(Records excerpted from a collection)
::::

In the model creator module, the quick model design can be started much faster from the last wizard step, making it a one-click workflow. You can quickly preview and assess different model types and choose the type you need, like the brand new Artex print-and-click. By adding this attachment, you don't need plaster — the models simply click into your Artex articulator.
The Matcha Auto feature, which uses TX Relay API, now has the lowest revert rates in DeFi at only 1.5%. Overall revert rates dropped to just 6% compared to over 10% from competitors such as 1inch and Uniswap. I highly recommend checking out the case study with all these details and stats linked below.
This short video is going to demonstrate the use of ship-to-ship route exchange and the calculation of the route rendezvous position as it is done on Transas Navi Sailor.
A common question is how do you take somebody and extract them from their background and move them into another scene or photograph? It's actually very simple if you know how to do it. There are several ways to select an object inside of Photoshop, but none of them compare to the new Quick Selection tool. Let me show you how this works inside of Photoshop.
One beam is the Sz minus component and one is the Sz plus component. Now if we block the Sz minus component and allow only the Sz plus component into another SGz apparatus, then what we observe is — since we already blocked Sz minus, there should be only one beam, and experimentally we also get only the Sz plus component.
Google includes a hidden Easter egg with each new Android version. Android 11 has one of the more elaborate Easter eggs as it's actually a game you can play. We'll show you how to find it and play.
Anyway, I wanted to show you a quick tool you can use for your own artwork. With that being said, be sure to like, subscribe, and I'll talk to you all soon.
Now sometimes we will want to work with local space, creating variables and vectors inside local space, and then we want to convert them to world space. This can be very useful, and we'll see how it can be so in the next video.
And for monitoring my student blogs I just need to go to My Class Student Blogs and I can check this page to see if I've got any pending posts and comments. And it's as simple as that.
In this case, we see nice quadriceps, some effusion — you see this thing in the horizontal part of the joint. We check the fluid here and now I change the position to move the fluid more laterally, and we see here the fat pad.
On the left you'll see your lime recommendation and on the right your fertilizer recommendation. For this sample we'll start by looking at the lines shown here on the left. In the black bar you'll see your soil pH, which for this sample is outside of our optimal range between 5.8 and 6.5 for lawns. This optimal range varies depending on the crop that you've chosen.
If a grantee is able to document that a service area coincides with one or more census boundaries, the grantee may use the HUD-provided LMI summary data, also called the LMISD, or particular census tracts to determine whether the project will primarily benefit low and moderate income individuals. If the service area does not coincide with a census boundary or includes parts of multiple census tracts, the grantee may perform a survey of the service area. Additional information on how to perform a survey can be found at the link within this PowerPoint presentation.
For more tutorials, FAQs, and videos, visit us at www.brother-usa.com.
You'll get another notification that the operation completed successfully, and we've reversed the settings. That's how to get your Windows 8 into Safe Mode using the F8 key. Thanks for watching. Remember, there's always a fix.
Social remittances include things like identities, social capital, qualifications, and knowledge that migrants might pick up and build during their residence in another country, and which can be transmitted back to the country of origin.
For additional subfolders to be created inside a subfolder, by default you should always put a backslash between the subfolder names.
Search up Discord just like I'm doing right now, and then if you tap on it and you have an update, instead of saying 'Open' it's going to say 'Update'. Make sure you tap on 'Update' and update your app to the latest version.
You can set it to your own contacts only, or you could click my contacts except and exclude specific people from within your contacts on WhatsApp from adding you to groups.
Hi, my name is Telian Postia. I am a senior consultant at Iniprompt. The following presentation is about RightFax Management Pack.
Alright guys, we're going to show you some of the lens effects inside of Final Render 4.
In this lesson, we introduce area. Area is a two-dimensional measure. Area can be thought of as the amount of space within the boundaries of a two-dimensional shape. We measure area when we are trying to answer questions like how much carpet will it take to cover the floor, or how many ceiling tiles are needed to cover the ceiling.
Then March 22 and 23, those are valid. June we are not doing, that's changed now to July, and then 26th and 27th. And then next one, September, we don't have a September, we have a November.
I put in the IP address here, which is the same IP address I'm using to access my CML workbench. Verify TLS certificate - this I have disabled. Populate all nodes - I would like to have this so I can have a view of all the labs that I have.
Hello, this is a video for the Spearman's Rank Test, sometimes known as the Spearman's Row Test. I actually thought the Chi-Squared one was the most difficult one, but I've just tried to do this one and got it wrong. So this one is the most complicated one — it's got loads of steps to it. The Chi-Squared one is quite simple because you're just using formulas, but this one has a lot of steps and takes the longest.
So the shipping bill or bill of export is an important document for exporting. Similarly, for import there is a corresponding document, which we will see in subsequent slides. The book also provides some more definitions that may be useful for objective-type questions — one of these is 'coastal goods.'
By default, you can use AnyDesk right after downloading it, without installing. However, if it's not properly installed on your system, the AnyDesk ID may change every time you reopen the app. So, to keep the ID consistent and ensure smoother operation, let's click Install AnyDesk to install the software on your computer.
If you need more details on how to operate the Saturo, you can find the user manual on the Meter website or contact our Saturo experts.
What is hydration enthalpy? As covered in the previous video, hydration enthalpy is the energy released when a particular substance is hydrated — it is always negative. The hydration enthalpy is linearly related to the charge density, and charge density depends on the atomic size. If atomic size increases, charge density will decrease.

::::

■ Work order ■
Return, please, the lines of the data from the first through the line containing "Anyway, I wanted", both kept, exactly as they stand and nothing more.

■ Response area ■
In the model creator module, the quick model design can be started much faster from the last wizard step, making it a one-click workflow. You can quickly preview and assess different model types and choose the type you need, like the brand new Artex print-and-click. By adding this attachment, you don't need plaster — the models simply click into your Artex articulator.
The Matcha Auto feature, which uses TX Relay API, now has the lowest revert rates in DeFi at only 1.5%. Overall revert rates dropped to just 6% compared to over 10% from competitors such as 1inch and Uniswap. I highly recommend checking out the case study with all these details and stats linked below.
This short video is going to demonstrate the use of ship-to-ship route exchange and the calculation of the route rendezvous position as it is done on Transas Navi Sailor.
A common question is how do you take somebody and extract them from their background and move them into another scene or photograph? It's actually very simple if you know how to do it. There are several ways to select an object inside of Photoshop, but none of them compare to the new Quick Selection tool. Let me show you how this works inside of Photoshop.
One beam is the Sz minus component and one is the Sz plus component. Now if we block the Sz minus component and allow only the Sz plus component into another SGz apparatus, then what we observe is — since we already blocked Sz minus, there should be only one beam, and experimentally we also get only the Sz plus component.
Google includes a hidden Easter egg with each new Android version. Android 11 has one of the more elaborate Easter eggs as it's actually a game you can play. We'll show you how to find it and play.
Anyway, I wanted to show you a quick tool you can use for your own artwork. With that being said, be sure to like, subscribe, and I'll talk to you all soon.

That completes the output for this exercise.